Task goal
In the data below, find every line that has the string "Your", and copy it.
Start of Dataset records
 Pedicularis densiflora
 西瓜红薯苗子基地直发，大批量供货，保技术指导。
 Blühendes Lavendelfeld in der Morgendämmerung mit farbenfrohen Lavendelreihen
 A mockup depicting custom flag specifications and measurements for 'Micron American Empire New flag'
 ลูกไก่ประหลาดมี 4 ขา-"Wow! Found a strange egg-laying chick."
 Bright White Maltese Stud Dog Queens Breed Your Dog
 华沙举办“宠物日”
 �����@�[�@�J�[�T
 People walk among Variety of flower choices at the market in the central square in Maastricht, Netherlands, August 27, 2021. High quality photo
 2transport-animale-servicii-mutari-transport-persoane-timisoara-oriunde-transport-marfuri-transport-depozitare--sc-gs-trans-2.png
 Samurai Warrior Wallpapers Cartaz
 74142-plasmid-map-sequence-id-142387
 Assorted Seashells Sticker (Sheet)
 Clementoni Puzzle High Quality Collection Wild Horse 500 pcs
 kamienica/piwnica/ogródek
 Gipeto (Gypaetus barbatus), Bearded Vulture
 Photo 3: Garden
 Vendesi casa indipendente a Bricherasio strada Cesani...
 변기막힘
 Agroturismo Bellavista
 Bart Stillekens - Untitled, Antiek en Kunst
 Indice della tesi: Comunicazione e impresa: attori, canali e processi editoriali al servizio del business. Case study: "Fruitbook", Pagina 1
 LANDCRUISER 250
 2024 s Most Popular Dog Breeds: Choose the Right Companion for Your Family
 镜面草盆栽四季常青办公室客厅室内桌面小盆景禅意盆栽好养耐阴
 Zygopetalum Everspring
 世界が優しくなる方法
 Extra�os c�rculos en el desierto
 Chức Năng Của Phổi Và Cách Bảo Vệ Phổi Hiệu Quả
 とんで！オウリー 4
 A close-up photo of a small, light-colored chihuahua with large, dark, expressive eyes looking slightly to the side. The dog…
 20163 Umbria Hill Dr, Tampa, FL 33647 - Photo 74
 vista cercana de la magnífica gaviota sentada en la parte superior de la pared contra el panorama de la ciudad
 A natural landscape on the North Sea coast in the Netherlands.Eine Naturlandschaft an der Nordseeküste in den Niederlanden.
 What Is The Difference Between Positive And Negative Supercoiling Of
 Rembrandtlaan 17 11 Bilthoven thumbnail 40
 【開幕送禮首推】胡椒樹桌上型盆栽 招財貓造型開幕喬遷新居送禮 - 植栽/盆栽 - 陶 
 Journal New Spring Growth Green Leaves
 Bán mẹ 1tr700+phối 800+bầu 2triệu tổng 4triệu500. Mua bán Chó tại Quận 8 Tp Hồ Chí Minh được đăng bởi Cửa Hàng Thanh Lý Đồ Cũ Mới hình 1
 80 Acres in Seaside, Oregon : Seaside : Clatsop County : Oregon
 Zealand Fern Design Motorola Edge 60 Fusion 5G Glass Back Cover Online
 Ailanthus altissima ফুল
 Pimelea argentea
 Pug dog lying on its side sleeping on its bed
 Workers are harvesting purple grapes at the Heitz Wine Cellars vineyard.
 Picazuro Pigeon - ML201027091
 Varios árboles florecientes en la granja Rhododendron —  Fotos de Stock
End of Dataset records
Output below
 Bright White Maltese Stud Dog Queens Breed Your Dog
 2024 s Most Popular Dog Breeds: Choose the Right Companion for Your Family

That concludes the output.